# Electrostatics conductor problem

1. Feb 10, 2008

### ehrenfest

[SOLVED] electrostatics problem

1. The problem statement, all variables and given/known data
Two spherical cavities, of radii a and b, are hollowed out from the interior of a (neutral) conducting sphere of radius R. At the center of each cavity a point charge is placed--call these charges q_a and q_b.
Why is it necessarily true that the force on q_a and q_b is 0? Why is it true that the force is still zero no matter what kind of charge distribution you have outside the conductor.

2. Relevant equations

3. The attempt at a solution
You can use Gauss's Law to find the electric field in each cavity. And you find that it is as the charge were isolated in space. But that doesn't tell you the electric field at the charge...only around it, right?

2. Feb 10, 2008

### jacobrhcp

*is a little rusty on the subject*

conducting sphere means that, if there is an electric field in the conducting sphere, then the electrons in the conducting sphere will move as to create an electric field to cancel the electric field in place, right?

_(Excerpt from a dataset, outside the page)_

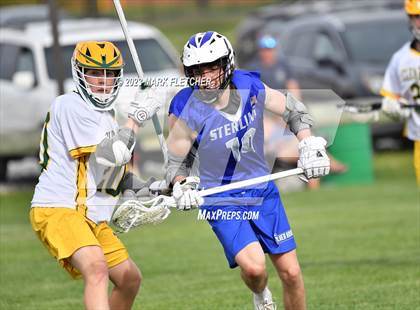 Thumbnail 3 in Sterling @ Clearview photogallery.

That would answer you question, because E=0 => F=0

3. Feb 10, 2008

### ehrenfest

But q_a and q_b are in cavities, not in the meat of the conductor.

4. Feb 10, 2008

### pam

Draw a Gaussian sphere in the conductor, just outside one cavity. The E field is zero everywhere on the sphere. This can only happen if the surface charge on the inside of the cavity is spherically symmetric, i.e. constant. Then the field at the center of the spherical cavity will be zero, giving zero force on the point charge. This only happens at the center of the cavity. There would be a force on a charge at other points in the cavity.

5. Feb 10, 2008

### kdv

I was going to say exactly the same thing.